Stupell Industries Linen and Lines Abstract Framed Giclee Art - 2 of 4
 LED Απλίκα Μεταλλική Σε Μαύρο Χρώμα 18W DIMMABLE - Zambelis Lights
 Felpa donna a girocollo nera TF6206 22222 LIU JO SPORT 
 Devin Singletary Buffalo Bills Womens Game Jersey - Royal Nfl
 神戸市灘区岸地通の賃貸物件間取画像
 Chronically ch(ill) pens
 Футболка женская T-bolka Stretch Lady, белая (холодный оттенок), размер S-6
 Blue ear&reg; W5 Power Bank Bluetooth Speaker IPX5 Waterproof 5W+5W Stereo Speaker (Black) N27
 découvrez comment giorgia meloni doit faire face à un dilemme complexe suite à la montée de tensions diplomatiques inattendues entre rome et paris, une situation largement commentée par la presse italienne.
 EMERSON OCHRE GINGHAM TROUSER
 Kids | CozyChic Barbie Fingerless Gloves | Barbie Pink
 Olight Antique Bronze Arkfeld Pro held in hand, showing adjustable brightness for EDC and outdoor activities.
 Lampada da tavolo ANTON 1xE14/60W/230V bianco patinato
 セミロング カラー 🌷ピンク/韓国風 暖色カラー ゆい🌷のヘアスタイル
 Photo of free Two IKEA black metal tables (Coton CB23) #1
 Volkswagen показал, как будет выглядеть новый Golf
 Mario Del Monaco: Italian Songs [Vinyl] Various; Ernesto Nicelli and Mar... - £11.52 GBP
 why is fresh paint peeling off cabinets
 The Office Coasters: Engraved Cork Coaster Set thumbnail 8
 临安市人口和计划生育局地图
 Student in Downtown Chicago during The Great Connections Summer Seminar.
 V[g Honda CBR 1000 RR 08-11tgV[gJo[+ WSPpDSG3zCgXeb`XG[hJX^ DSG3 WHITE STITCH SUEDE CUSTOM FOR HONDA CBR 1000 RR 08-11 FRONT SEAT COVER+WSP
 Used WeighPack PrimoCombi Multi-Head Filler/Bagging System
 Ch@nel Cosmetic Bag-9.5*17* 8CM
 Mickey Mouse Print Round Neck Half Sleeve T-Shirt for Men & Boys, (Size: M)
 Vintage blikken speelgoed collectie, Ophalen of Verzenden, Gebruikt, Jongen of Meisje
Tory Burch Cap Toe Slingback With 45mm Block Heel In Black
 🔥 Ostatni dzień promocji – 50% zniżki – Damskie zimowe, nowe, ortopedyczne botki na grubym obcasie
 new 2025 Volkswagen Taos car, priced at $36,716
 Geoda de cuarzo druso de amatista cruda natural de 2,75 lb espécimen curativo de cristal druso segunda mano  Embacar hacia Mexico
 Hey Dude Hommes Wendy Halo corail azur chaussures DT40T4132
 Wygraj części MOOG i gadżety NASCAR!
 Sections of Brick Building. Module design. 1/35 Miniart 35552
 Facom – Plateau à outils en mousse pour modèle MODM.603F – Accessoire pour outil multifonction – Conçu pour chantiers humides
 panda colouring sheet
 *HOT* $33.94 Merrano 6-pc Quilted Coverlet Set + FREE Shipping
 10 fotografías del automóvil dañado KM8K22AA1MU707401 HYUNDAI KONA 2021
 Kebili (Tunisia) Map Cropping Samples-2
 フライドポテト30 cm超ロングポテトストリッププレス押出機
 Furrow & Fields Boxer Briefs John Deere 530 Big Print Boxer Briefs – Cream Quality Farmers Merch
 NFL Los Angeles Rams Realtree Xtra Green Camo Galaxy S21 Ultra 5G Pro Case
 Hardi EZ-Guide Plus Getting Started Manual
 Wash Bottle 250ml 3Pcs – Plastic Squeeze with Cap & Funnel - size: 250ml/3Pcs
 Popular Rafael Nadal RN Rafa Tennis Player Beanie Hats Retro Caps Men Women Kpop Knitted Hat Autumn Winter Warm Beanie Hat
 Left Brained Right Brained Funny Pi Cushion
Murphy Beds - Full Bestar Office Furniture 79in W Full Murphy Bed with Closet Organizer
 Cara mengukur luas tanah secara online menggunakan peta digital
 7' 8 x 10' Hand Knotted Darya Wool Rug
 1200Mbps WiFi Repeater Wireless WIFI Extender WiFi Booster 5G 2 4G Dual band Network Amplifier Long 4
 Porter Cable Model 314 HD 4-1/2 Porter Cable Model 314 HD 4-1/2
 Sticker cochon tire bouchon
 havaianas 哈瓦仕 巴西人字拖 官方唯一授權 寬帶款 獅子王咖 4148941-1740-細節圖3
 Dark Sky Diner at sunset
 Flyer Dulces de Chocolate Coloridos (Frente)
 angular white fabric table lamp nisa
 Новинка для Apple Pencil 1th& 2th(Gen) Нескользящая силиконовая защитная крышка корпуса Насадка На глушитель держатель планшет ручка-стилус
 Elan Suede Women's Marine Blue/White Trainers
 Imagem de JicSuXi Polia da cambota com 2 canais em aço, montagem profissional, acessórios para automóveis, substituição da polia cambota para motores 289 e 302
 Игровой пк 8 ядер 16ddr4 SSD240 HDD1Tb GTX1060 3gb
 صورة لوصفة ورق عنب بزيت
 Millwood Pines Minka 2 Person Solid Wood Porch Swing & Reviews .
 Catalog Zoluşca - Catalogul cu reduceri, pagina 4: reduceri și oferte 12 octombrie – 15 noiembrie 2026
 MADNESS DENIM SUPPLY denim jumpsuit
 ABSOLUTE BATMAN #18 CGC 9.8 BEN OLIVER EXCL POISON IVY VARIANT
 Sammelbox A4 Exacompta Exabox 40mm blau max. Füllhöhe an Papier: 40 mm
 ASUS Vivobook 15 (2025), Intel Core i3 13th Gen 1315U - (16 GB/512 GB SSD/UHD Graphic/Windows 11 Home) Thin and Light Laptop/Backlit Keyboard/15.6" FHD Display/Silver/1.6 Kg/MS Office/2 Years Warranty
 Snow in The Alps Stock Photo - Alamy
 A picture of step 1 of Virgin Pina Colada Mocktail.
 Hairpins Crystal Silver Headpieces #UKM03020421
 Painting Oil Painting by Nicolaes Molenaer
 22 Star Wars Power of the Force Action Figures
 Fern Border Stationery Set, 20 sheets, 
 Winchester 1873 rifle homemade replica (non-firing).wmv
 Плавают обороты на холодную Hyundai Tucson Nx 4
########
**What you are asked to do**: Write out the listing exactly from its first line to the line containing "découvrez comment giorgia". Both of those lines belong in the answer.

**Solution for this task**:
Stupell Industries Linen and Lines Abstract Framed Giclee Art - 2 of 4
 LED Απλίκα Μεταλλική Σε Μαύρο Χρώμα 18W DIMMABLE - Zambelis Lights
 Felpa donna a girocollo nera TF6206 22222 LIU JO SPORT 
 Devin Singletary Buffalo Bills Womens Game Jersey - Royal Nfl
 神戸市灘区岸地通の賃貸物件間取画像
 Chronically ch(ill) pens
 Футболка женская T-bolka Stretch Lady, белая (холодный оттенок), размер S-6
 Blue ear&reg; W5 Power Bank Bluetooth Speaker IPX5 Waterproof 5W+5W Stereo Speaker (Black) N27
 découvrez comment giorgia meloni doit faire face à un dilemme complexe suite à la montée de tensions diplomatiques inattendues entre rome et paris, une situation largement commentée par la presse italienne.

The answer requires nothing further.